Look through the data below and return each line where "einem" appears.
◇ ◇ ◇ ◇ ◇
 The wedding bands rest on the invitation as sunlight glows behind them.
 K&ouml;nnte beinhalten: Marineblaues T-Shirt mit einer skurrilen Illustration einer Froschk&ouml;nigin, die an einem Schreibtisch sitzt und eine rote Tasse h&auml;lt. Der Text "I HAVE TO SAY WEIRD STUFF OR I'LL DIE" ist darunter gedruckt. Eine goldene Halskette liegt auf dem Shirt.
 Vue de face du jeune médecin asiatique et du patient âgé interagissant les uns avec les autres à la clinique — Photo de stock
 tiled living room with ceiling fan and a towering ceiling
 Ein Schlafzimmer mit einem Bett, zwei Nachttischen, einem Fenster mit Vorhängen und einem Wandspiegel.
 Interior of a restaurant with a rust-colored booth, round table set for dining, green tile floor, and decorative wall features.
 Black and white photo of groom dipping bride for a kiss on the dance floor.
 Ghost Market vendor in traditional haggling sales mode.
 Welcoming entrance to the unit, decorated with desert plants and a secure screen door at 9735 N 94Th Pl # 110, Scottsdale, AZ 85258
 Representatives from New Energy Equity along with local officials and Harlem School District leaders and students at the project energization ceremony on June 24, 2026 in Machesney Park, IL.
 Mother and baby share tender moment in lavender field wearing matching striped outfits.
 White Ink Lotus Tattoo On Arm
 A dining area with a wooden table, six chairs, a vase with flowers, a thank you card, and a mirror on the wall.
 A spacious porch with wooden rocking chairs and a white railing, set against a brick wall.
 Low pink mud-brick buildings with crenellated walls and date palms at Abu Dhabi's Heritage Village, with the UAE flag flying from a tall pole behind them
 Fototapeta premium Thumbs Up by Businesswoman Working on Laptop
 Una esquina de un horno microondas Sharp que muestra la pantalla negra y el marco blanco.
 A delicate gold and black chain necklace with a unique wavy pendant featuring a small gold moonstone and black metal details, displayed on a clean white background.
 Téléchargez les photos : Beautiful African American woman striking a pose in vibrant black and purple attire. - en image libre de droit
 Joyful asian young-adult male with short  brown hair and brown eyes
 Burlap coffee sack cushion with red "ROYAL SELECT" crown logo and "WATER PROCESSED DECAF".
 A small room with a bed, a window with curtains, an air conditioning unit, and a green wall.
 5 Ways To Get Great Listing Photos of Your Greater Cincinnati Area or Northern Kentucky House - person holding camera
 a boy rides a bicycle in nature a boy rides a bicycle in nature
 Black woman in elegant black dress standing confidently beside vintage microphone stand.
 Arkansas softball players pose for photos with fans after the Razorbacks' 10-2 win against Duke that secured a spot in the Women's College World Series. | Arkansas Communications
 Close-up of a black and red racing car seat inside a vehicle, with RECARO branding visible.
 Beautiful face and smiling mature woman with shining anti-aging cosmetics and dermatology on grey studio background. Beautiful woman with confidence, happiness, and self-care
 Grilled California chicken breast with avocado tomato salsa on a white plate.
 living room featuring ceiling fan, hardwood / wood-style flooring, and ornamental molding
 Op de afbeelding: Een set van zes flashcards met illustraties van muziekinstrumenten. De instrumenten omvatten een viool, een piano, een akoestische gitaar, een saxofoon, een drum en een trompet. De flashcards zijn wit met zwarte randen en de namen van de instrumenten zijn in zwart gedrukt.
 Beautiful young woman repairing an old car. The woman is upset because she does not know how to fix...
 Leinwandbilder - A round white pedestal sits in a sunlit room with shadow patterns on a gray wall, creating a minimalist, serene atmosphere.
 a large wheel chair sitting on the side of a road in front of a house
◇ ◇ ◇ ◇ ◇
Output of the exercise:
 K&ouml;nnte beinhalten: Marineblaues T-Shirt mit einer skurrilen Illustration einer Froschk&ouml;nigin, die an einem Schreibtisch sitzt und eine rote Tasse h&auml;lt. Der Text "I HAVE TO SAY WEIRD STUFF OR I'LL DIE" ist darunter gedruckt. Eine goldene Halskette liegt auf dem Shirt.
 Ein Schlafzimmer mit einem Bett, zwei Nachttischen, einem Fenster mit Vorhängen und einem Wandspiegel.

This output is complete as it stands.